The average predicted output error of the multi-innovation hierarchical fractional identification model is written as55:

$$E{\text{rror}}(L_{r} ) = \left[\frac{1}{{L_{r} }}\sum\limits_{{t = t_{0} + 1}}^{{t_{0} + L_{r} }} {\left[\hat{y}(t) - y(t) \right]^{2} } \right ]^{\frac{1}{2}} ,$$
(104)

where \(\hat{y}(t)\) is the output of the estimated models and \(y(t)\) is the actual model output. According to the express (104), the average prediction errors of the four multi-innovation algorithms of \(p = 1,2,3,4\) are calculated when \(\delta { = 0}{\text{.4}}\)(\(\sigma^{2} = 0.2^{2}\)) and \(\delta { = 1}{\text{.2}}\)(\(\sigma^{2} = 0.2^{2}\),\(\sigma^{2} = 0.5^{2}\),\(\sigma^{2} = 0.8^{2}\)) respectively, the results are shown in Table 7. From Table 7, it can be further indicate that the average predicted output errors of K-MHFLMS strategies decrease with the increase in innovation lengths from \(p = 1\) to \(p = 4\), the proposed multi-innovation fractional algorithm is effective, and K-MHFLMS can achieve more accurate estimation than K-HFLMS based on the average prediction errors. This also validates the previous conclusion namely that the convergence rate of the K-MHFLMS algorithms increases in case of the increase in noise variance.

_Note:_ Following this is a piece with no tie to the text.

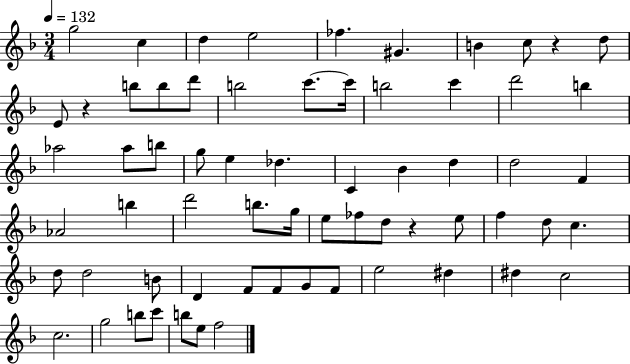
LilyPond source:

Table 7 Average predicted output error results of the K-MHFLMS for the example with \(p = 1,2,3,4\).

Conclusions

The K-HFLMS algorithm and the K-MHFLMS algorithm are proposed by combining fractional derivative concepts based on the key term separation principle and the hierarchical identification principle for effective parameter estimation of GBIP system.

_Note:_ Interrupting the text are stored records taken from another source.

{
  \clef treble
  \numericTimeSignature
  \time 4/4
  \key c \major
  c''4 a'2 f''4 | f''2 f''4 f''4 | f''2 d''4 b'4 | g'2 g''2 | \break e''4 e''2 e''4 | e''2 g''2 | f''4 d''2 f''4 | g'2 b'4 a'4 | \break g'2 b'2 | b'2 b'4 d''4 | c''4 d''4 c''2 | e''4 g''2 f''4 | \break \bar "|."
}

The K-MHFLMS algorithm is generalized from the K-HFLMS strategy through exploiting the multi-innovation theory.

The proposed hierarchical fractional algorithms are convergent and accurate for the three noise variances, and better results are achieved for higher noise variance.

The designed hierarchical fractional strategies are effective and robust for the fractional orders. And the relatively better results are found for higher fractional order for the identification algorithms.

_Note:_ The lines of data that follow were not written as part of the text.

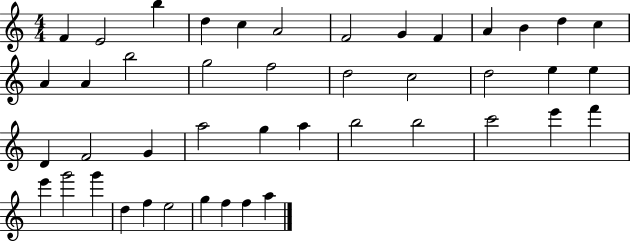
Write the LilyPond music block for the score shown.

{
  \clef treble
  \numericTimeSignature
  \time 4/4
  \key c \major
  f'4 e'2 b''4 | d''4 c''4 a'2 | f'2 g'4 f'4 | a'4 b'4 d''4 c''4 | \break a'4 a'4 b''2 | g''2 f''2 | d''2 c''2 | d''2 e''4 e''4 | \break d'4 f'2 g'4 | a''2 g''4 a''4 | b''2 b''2 | c'''2 e'''4 f'''4 | \break e'''4 g'''2 g'''4 | d''4 f''4 e''2 | g''4 f''4 f''4 a''4 | \bar "|."
}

It can be obviously noticed that the relatively better results are achieved for higher innovation lengths of the multi-innovation hierarchical algorithms based on the Fitness error and the average predicted output error.

The results of the simulation analyses demonstrate that the K-MHFLMS algorithms have more accurate and robust performance than the K-HFLMS counterparts.

In the future, there are more challenging parameter identification problems for us to investigate, especially the fractional adaptive strategies based on the filtering technique and the hierarchical identification principle would be the important works for us to attempt. The proposed the multi-innovation hierarchical adaptive algorithm can be coupled with the filtering technique, the multi-stage estimation theory, the key term separation technique to solve more complicated parameter estimation problems of GBIP system, CARMA system, CARARMA system, Hammerstein OEMA system, finite impulse response MA system, mutli-input multi-output nonlinear system and kernel systems58,59,60,61,62,63,64,65.